ASSIGNMENT>
Beginning with the line that holds "FILE - Italian" and finishing with the line that holds "Bottle of champagne", repeat the listing exactly, leaving every picture out.

WORKING DATA>
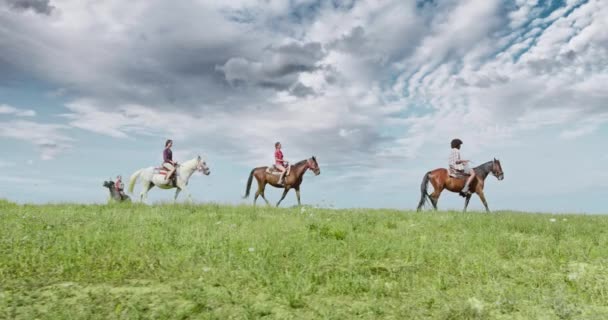 四个活跃的人骑着马在阳光明媚的户外野生绿色户外场。侧跟随宽镜头。朋友意大利之旅在翁布里亚.4k慢动作 — 图库视频影像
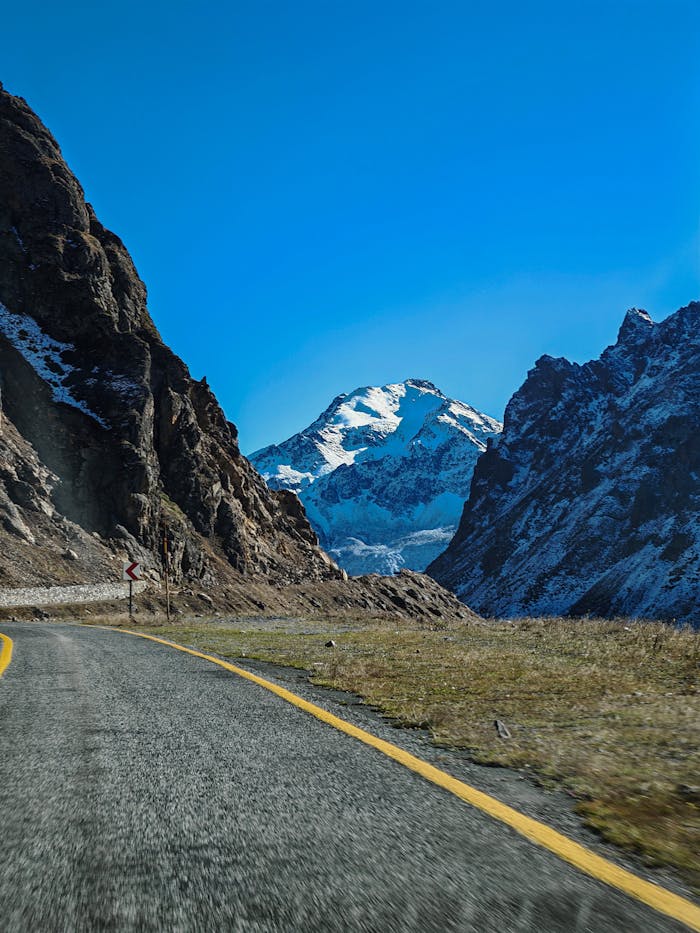 A beautiful mountain road with snow-capped peak under clear blue sky, perfect for travel inspiration.
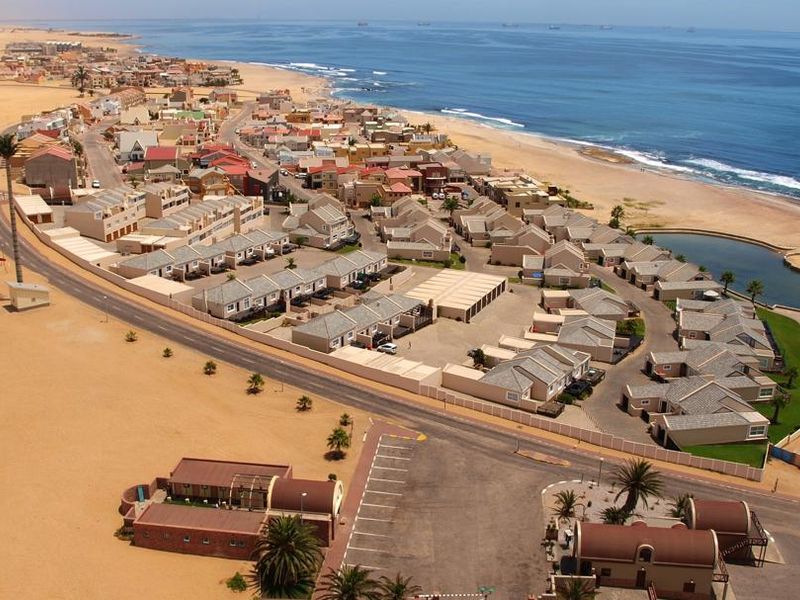 An aerial view of a coastal residential estate situated between the desert landscape and the ocean, showcasing the layout and proximity to the beach.
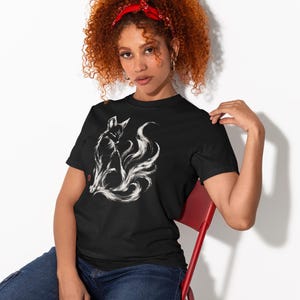 May include: A black short-sleeved t-shirt featuring a white ink-style illustration of a multi-tailed fox sitting in profile. The graphic includes a small red square stamp detail on the left side of the fox, set against a solid black fabric background.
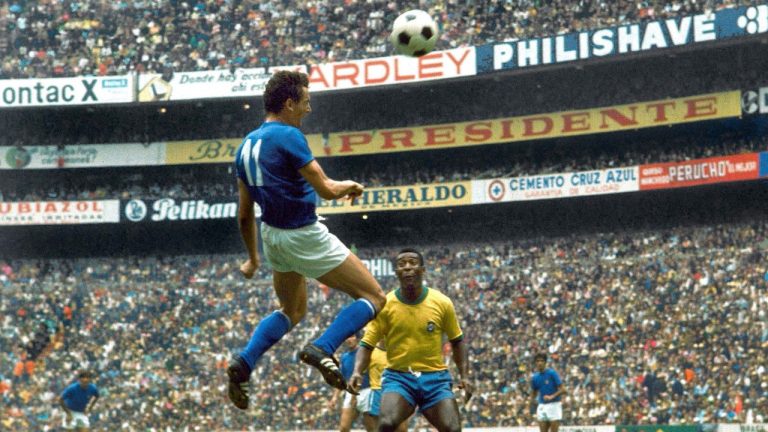 FILE - Italian forward Gigi Riva, heads the ball as Brazilian star Pele looks on during the World Cup final match at Azteca Stadium, Mexico City, Mexico, June 21, 1970. (Carlo Fumagalli/AP)
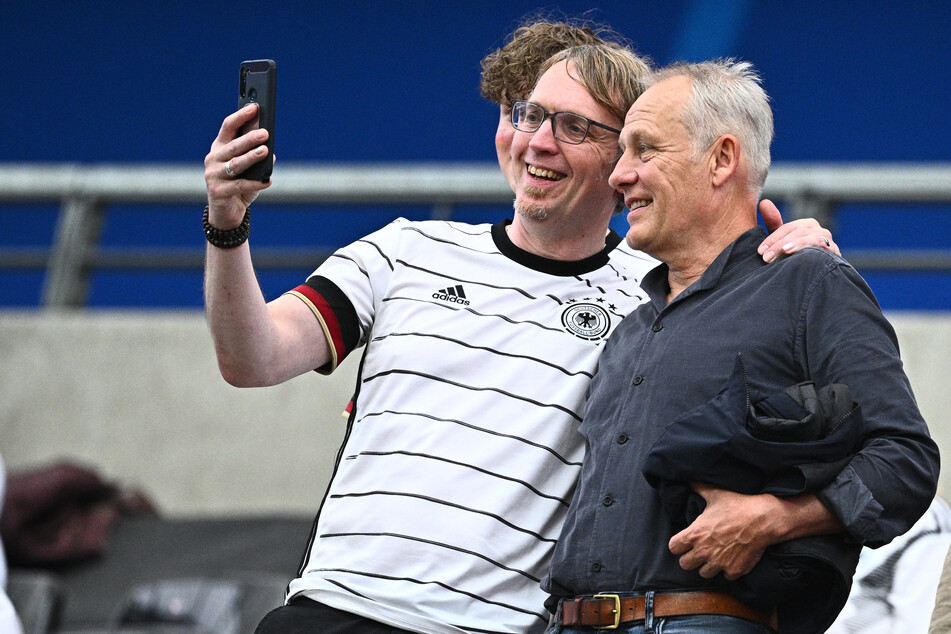 Der ehemalige Trainer des SC Freiburg Christian Streich (r.) schießt vor dem Anpfiff noch ein Selfie mit einem Fan.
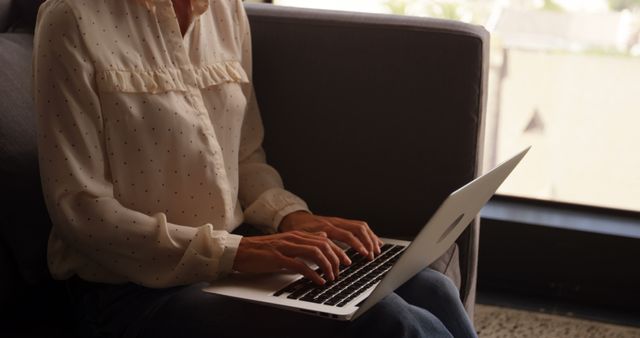 Woman Typing on Laptop Sitting on Couch by Window - Download Free Stock Images Pikwizard.com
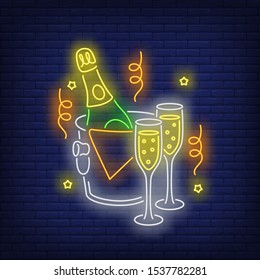 Bottle of champagne in ice bucket neon sign. Glowing neon glasses, bottle, ice bucket. New year, Christmas, winter. Vector illustration in neon style for greeting card, invitation, announcement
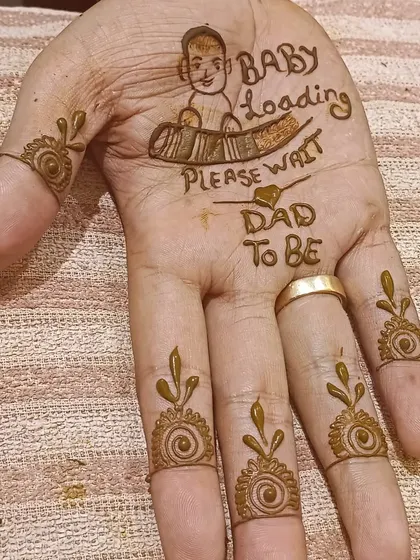 A simple and sweet mehendi for the father-to-be, with "Dad to be" and a "Baby Loading" graphic. It's a fun way for dads to join in the celebration.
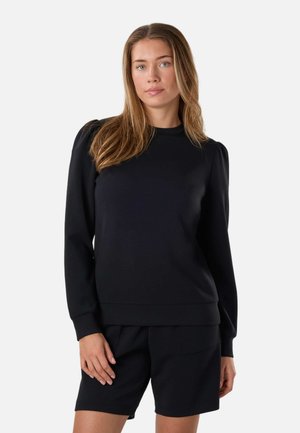 Vrouw met lang haar die een zwarte top met lange mouwen met opgepofte schouders en zwarte korte broek draagt, staand tegen een witte achtergrond.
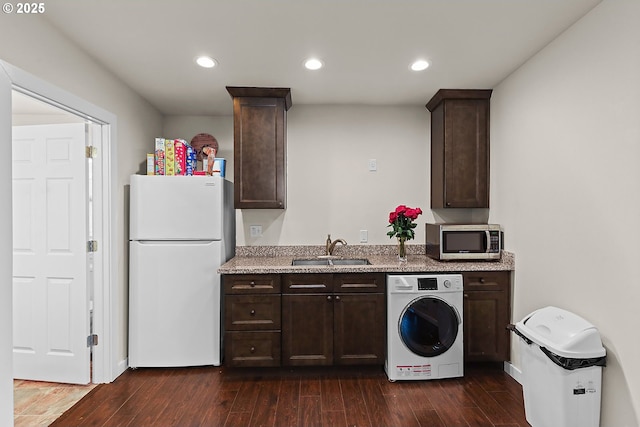 kitchen with washer / clothes dryer, stainless steel microwave, freestanding refrigerator, a sink, and dark brown cabinets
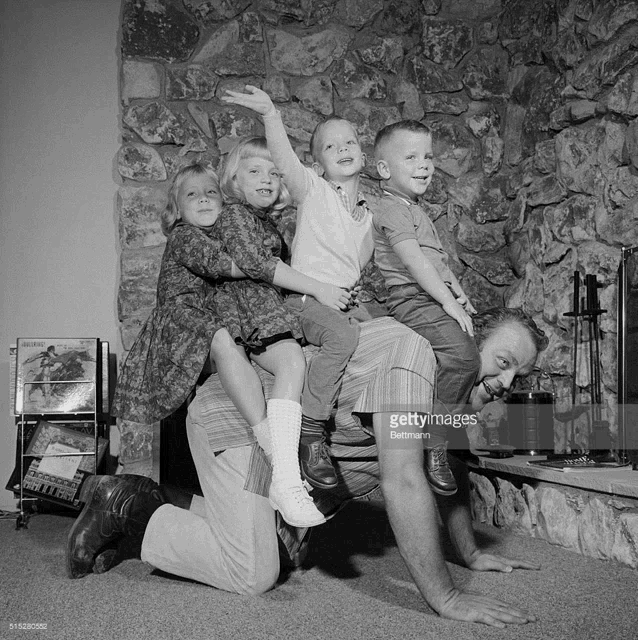 a black and white photo of a man kneeling down with his children on his shoulders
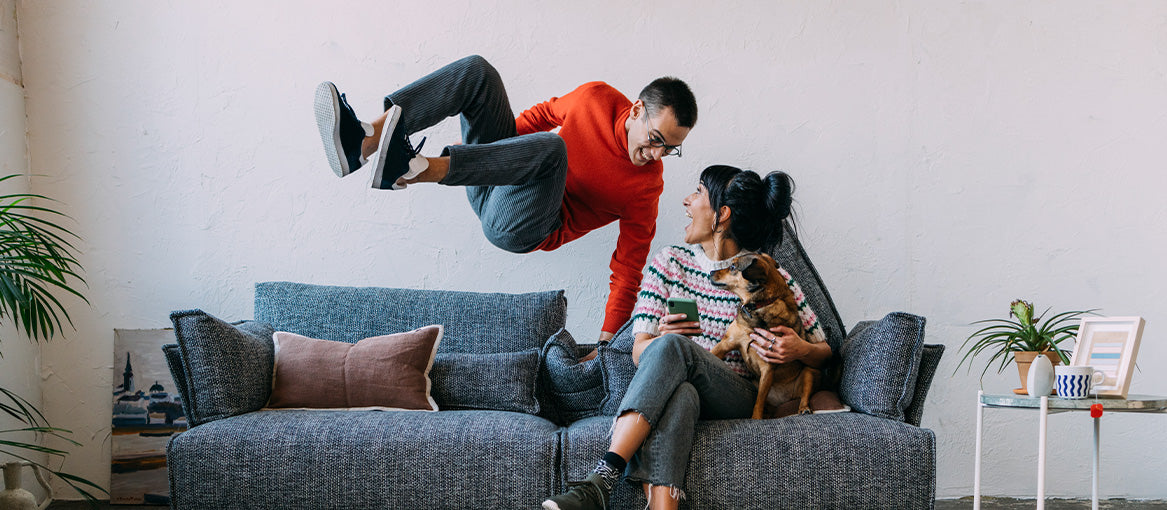 Fröhliche Szene in der ein Mann auf ein Sofa springt auf dem eine Frau mit Hund sitzt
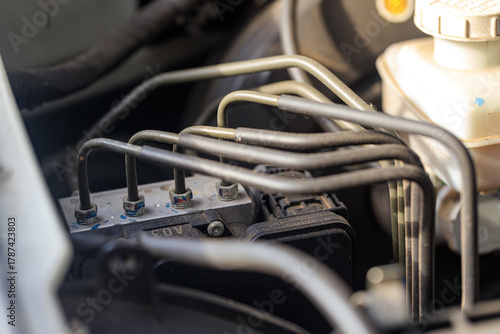 ABS Anti lock braking system. close up of an automotive braking module, intricate mechanical parts that represent advanced vehicle safety design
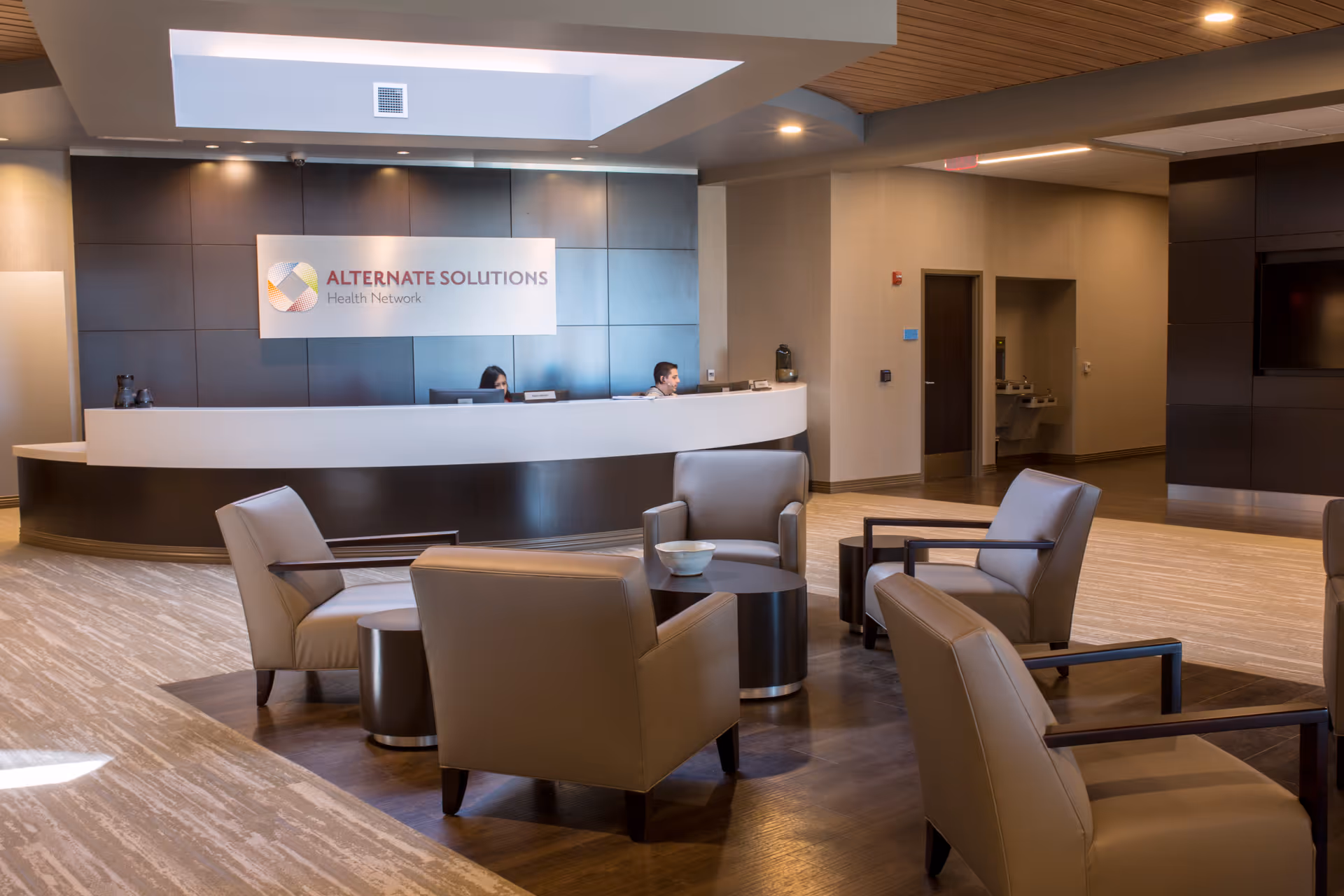 Modern senior living lobby with curved reception desk, staff, and comfortable lounge seating.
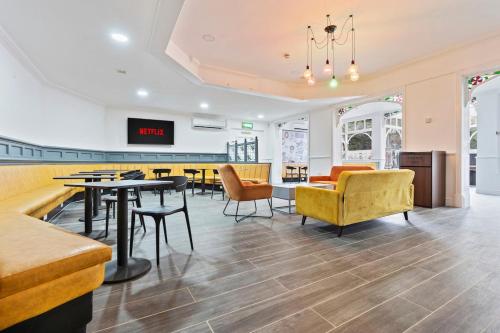 a waiting room with tables and chairs in a store at Central Dudley Stay-Sleeps 3, Kitchen&Free Parking in Dudley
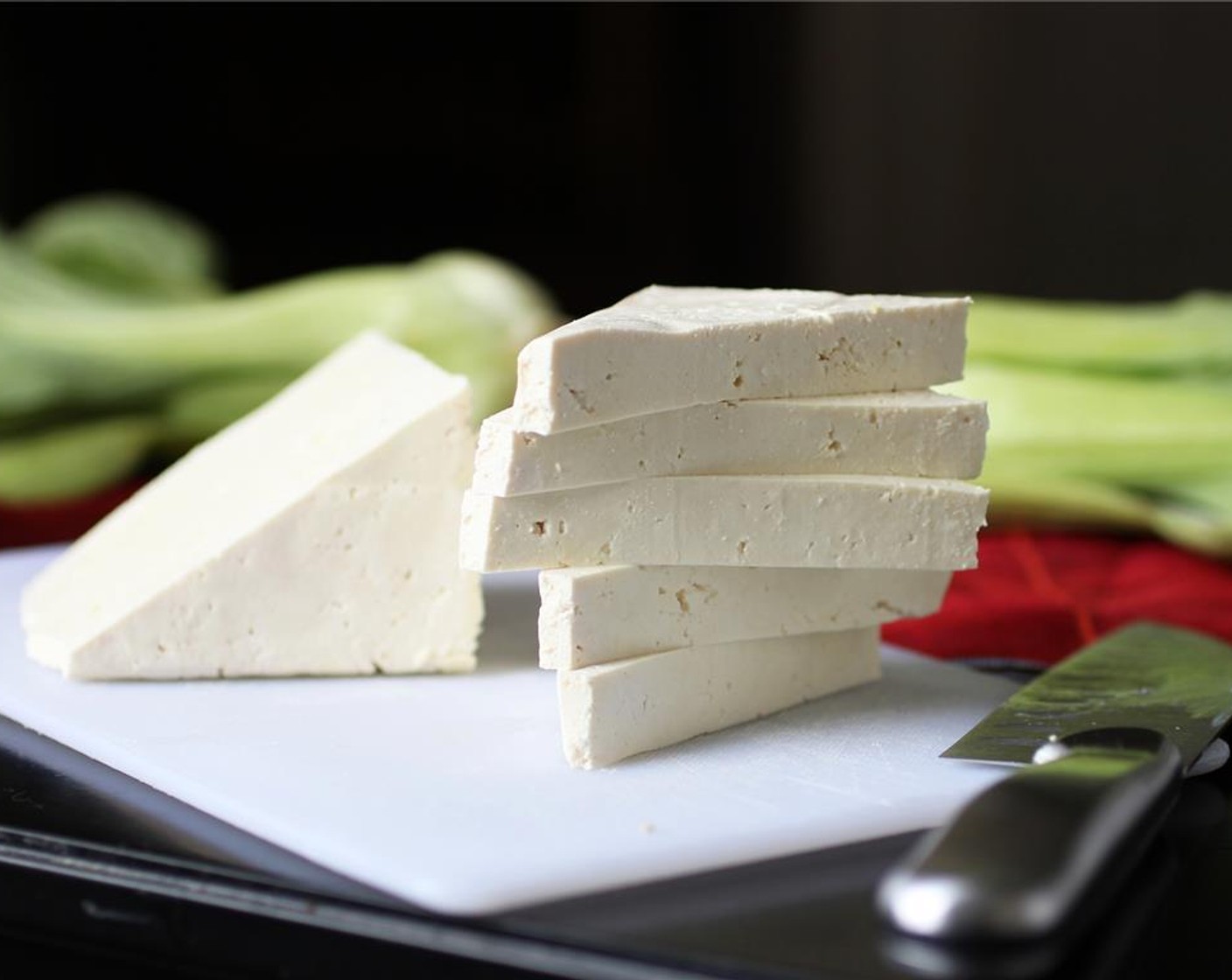 step 1 Start by pressing the water out of the Firm Tofu (3/4 pckg)-wrap the tofu in a towel or paper towel, and set something heavy (like a cookbook) on top.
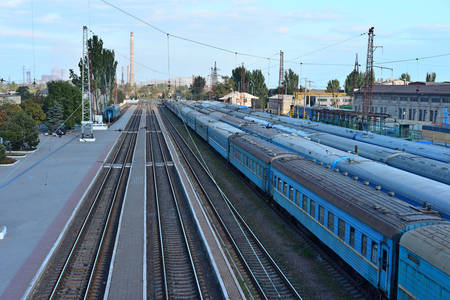Railway station on the background of blue sky at sunrise with motion blur effect in vintage style....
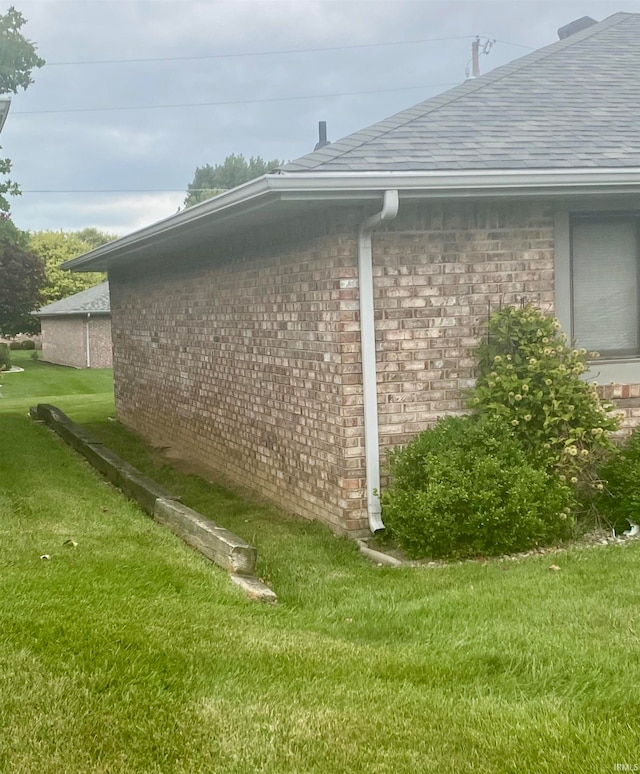 view of side of home with a yard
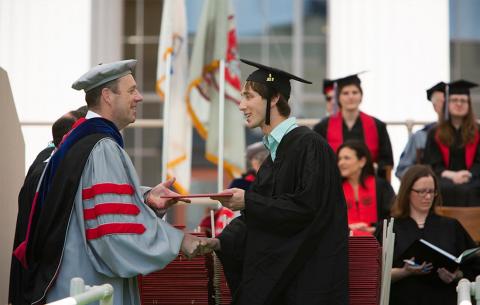 Provost Martin A. Schmidt SM '83 PhD '88 presents a degree. 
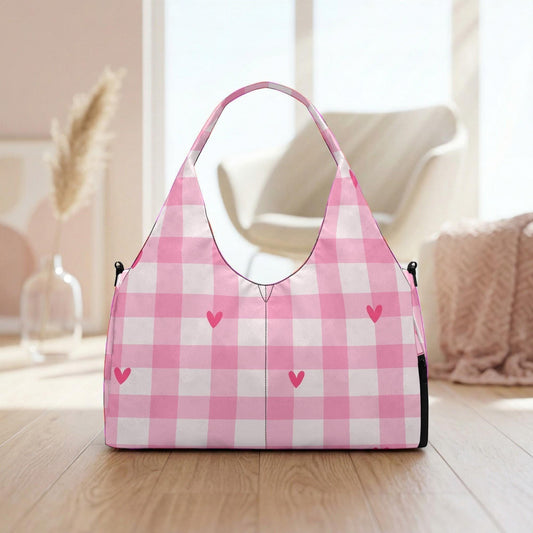 A pink and white gingham handbag with heart-shaped embellishments is placed on a wooden surface, with a vase and a chair visible in the background.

SOLUTION TO THIS PROBLEM>
 FILE - Italian forward Gigi Riva, heads the ball as Brazilian star Pele looks on during the World Cup final match at Azteca Stadium, Mexico City, Mexico, June 21, 1970. (Carlo Fumagalli/AP)
 Der ehemalige Trainer des SC Freiburg Christian Streich (r.) schießt vor dem Anpfiff noch ein Selfie mit einem Fan.
 Woman Typing on Laptop Sitting on Couch by Window - Download Free Stock Images Pikwizard.com
 Bottle of champagne in ice bucket neon sign. Glowing neon glasses, bottle, ice bucket. New year, Christmas, winter. Vector illustration in neon style for greeting card, invitation, announcement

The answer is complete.